Ils évoquent aussi l’inévitable Effet Streisand des lois de censure, où un contenu retiré va également nourrir le désir d’une partie du public d’obtenir l’information supprimée. « De plus, en présentant l’orateur réduit au silence en martyr de la liberté d'expression, la censure empêche également les critiques de donner des leçons de morale sur le contenu interdit ».
Ces législations seraient un terreau pour alimenter les tensions entre les groupes sociaux. « L'expérience enseigne que le moyen le plus efficace de réduire ou de résoudre les conflits entre ces groupes consiste à recourir à des approches coopératives et conciliantes plutôt qu'à une batterie de mesures législatives ».
Plutôt que d'empiler ce genre de textes, ils plaident pour d’autres stratégies comme celles des contrediscours : « Internet permet non seulement de transmettre plus facilement que jamais des messages haineux, mais il rend également la réfutation de ceux-ci plus facile également. De plus, internet permet de mesurer plus facilement l’étendue et l’incidence du contrediscours ».

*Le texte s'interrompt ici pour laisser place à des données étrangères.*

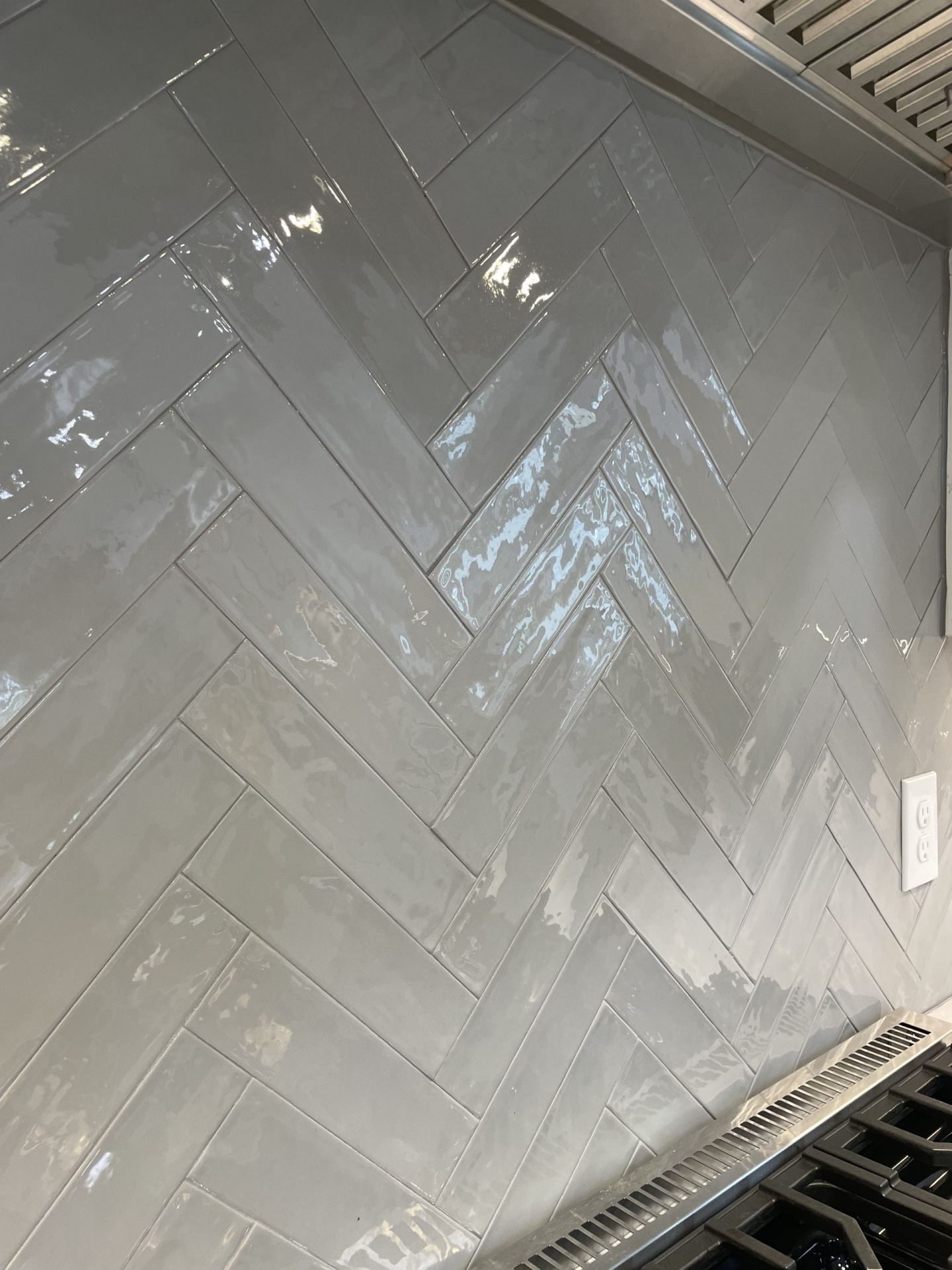 Herringbone gray glazed tile backsplash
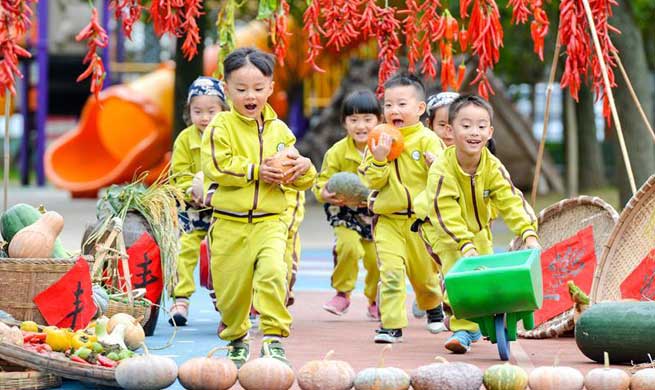 Event to experience farmwork for children held E China's Zhejiang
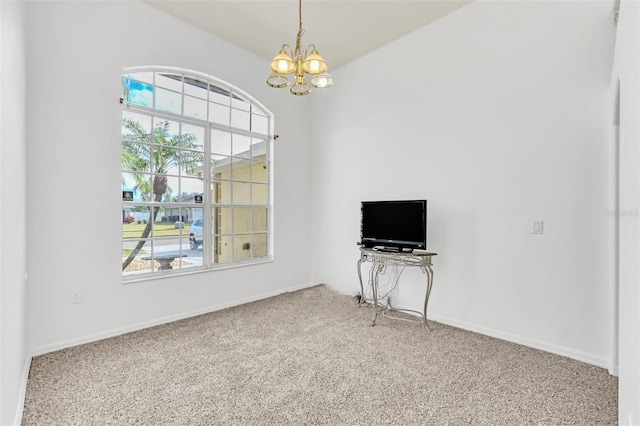 interior space featuring carpet flooring and a chandelier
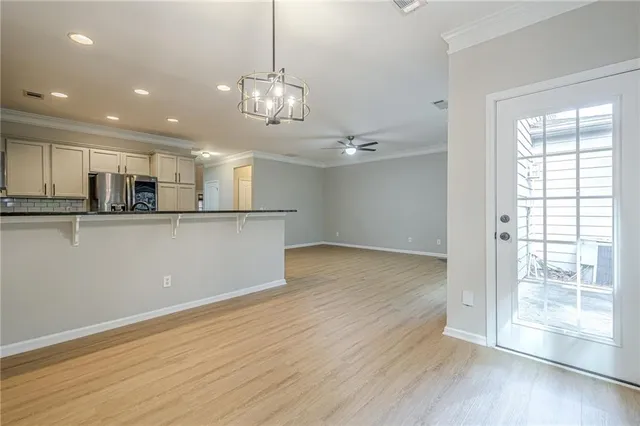 a view of a kitchen with stainless steel appliances granite countertop a refrigerator a sink dishwasher a stove and white cabinets with wooden floor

La loi NetzDG et ses effets
Au passage, ils égratignent la loi NetzDG en œuvre depuis 2018. Les réseaux sociaux comportant plus de deux millions d’utilisateurs allemands ont l’obligation en principe de supprimer en 24 heures les contenus manifestement illégaux, s’ils se raccrochent à l'une des 21 dispositions du Code pénal allemand auxquelles se réfère la loi. Parmi ces dispositions, relevons l’atteinte aux convictions, à l’intimité, à la liberté individuelle, les insultes, la mise en danger de l’État de droit démocratique… En cas de défaut de retrait, la plateforme encourt jusqu’à 50 millions d’euros d’amende.
L’EFF, la FABA et la Pr Strossen relèvent que l’entrée en vigueur de cette loi n’a pas empêché le parti d’extrême droite « Alternative pour l’Allemagne » de percer aux élections. Au contraire, des discours parodiant leur champ lexical ont, eux, été victimes de censure sur Twitter, sur fond de loi NetzDG. « De manière particulièrement ironique, la loi NetzDG a même supprimé un tweet du ministre allemand des Affaires étrangères, Heiko Maas, qui avait été son principal promoteur quand il était ministre de la Justice. Son tweet retiré avait traité d’« idiot » un opposant à l’immigration ».
Malgré la loi NetzDG, les attentats se sont poursuivis outre-Rhin (Hanau, Halle, assassinat du préfet Walter Lübcke, etc.). « Même les partisans de la loi NetzDG sont bien obligés de reconnaître qu’elle n’a manifestement pas bloqué les idées, les contenus ni les actions haineuses. Nombre d’entre eux soutiennent désormais une autre loi, encore plus stricte, qui obligerait les médias sociaux à supprimer encore plus de contenus. Il n’est donc pas étonnant que de nombreux Allemands déplorent cette initiative comme étant la pire des situations : elle bâillonnerait l’expression importante de citoyens respectueux de la loi, sans pour autant supprimer les opinions ni la violence haineuse ».
Saisi le 18 mai, le Conseil constitutionnel rendra sa décision avant le 18 juin prochain.